┌─ Dataset

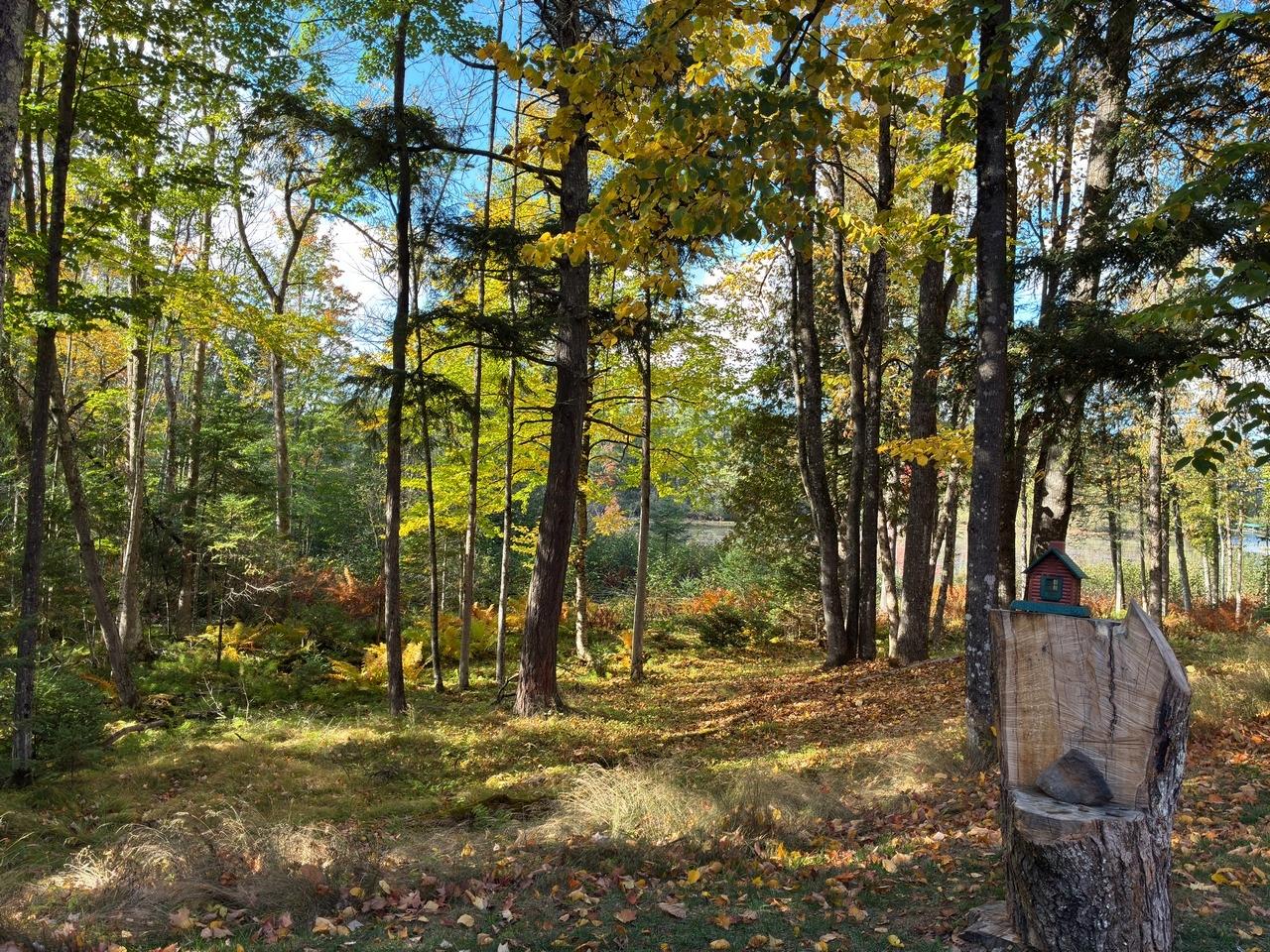 2510 Martha Lake Road, Unit 5 Mercer, WI 54547 - Photo 12 of 28 Gallery Image 12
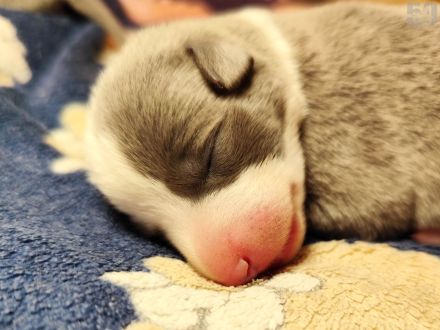 Whippet Welpen aus den besten Rennlinien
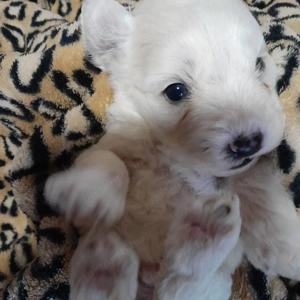 Maltipoo kiskutyák költöznének. - kép 3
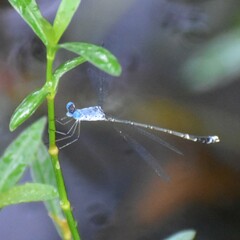 Lestes praemorsus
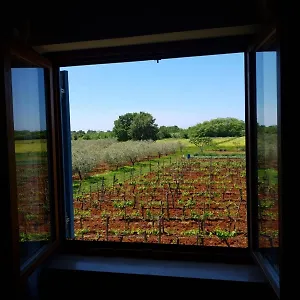 Apartament And Hacienda Stelio, Poreč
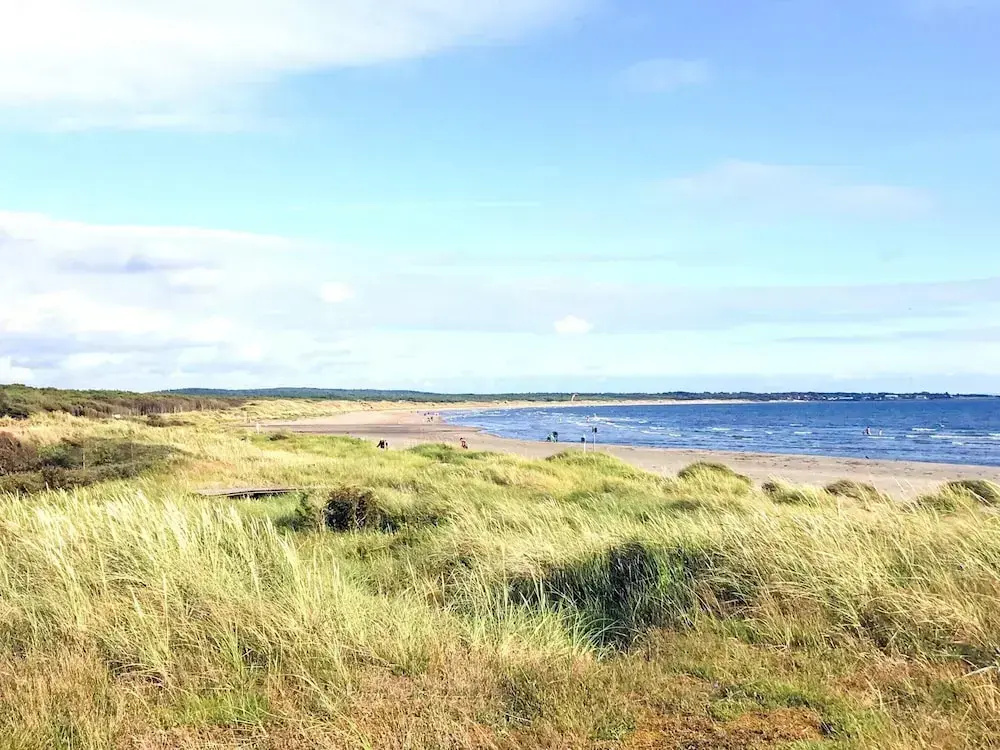 4 Person Holiday Home in Mellbystrand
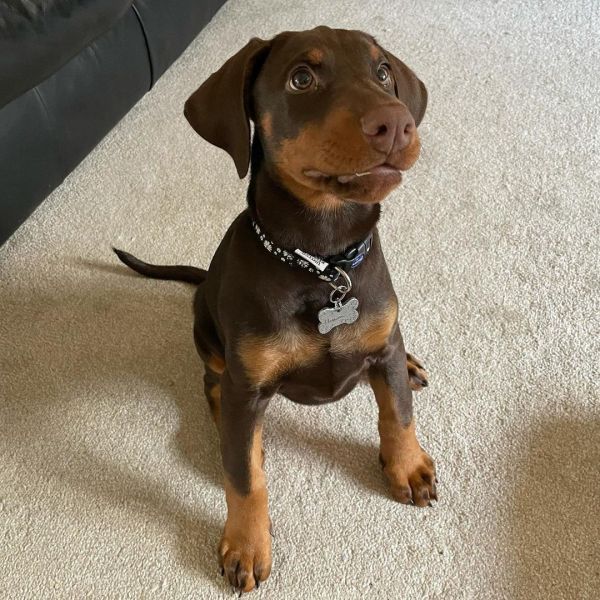 Shelby doberman girl available to go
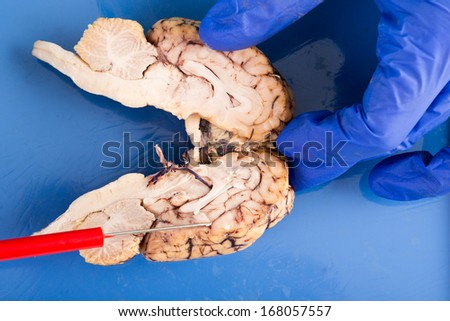 Longitudinal cross-section of a cow brain through the brainstem and lobes showing the internal convoluted structure of the tissue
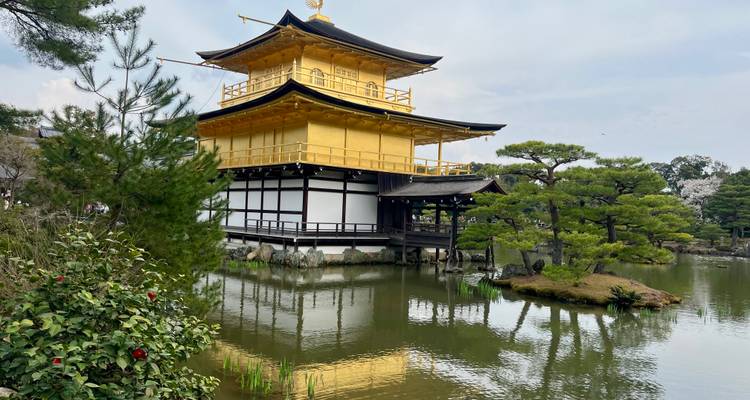 Le Pavillon d'Or (Kinkaku-ji) brille au-dessus de son étang réfléchissant encadré par des pins et des arbustes taillés.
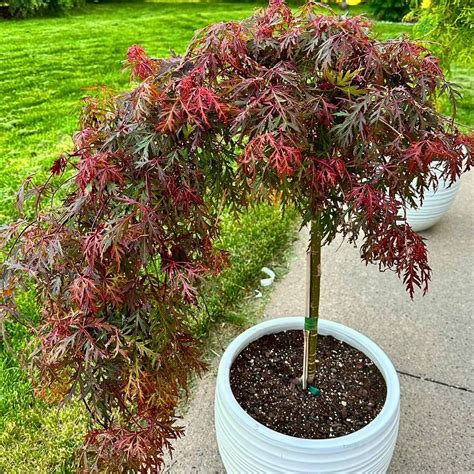 Image result for Japanese Maple Root System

└─

◆ What to work on ◆
All of the entries must be reproduced exactly, with no pictures kept.

◆ Your solution ◆
 2510 Martha Lake Road, Unit 5 Mercer, WI 54547 - Photo 12 of 28 Gallery Image 12
 Whippet Welpen aus den besten Rennlinien
 Maltipoo kiskutyák költöznének. - kép 3
 Lestes praemorsus
 Apartament And Hacienda Stelio, Poreč
 4 Person Holiday Home in Mellbystrand
 Shelby doberman girl available to go
 Longitudinal cross-section of a cow brain through the brainstem and lobes showing the internal convoluted structure of the tissue
 Le Pavillon d'Or (Kinkaku-ji) brille au-dessus de son étang réfléchissant encadré par des pins et des arbustes taillés.
 Image result for Japanese Maple Root System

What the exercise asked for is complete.